▶ [WORK ITEM]:
From the top of the records below, return each line exactly, ending with the line that contains "Akrep Burcu Dolunay Burç Yorumu".

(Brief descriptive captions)
'''
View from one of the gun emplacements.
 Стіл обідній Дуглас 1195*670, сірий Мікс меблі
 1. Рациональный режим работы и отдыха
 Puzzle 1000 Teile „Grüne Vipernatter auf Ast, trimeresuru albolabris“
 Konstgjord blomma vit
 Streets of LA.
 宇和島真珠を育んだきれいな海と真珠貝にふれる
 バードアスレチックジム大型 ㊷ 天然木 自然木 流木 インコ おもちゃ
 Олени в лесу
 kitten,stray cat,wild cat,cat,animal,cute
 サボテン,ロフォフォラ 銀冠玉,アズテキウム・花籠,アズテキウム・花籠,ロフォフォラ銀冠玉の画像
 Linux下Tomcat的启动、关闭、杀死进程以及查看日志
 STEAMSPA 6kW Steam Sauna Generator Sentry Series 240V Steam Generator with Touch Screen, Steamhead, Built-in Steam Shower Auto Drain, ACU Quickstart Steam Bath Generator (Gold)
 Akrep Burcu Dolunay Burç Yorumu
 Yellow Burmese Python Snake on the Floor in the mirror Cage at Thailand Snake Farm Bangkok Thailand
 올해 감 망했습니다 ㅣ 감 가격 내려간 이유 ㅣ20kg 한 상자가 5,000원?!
'''
▶ [RESULT]:
View from one of the gun emplacements.
 Стіл обідній Дуглас 1195*670, сірий Мікс меблі
 1. Рациональный режим работы и отдыха
 Puzzle 1000 Teile „Grüne Vipernatter auf Ast, trimeresuru albolabris“
 Konstgjord blomma vit
 Streets of LA.
 宇和島真珠を育んだきれいな海と真珠貝にふれる
 バードアスレチックジム大型 ㊷ 天然木 自然木 流木 インコ おもちゃ
 Олени в лесу
 kitten,stray cat,wild cat,cat,animal,cute
 サボテン,ロフォフォラ 銀冠玉,アズテキウム・花籠,アズテキウム・花籠,ロフォフォラ銀冠玉の画像
 Linux下Tomcat的启动、关闭、杀死进程以及查看日志
 STEAMSPA 6kW Steam Sauna Generator Sentry Series 240V Steam Generator with Touch Screen, Steamhead, Built-in Steam Shower Auto Drain, ACU Quickstart Steam Bath Generator (Gold)
 Akrep Burcu Dolunay Burç Yorumu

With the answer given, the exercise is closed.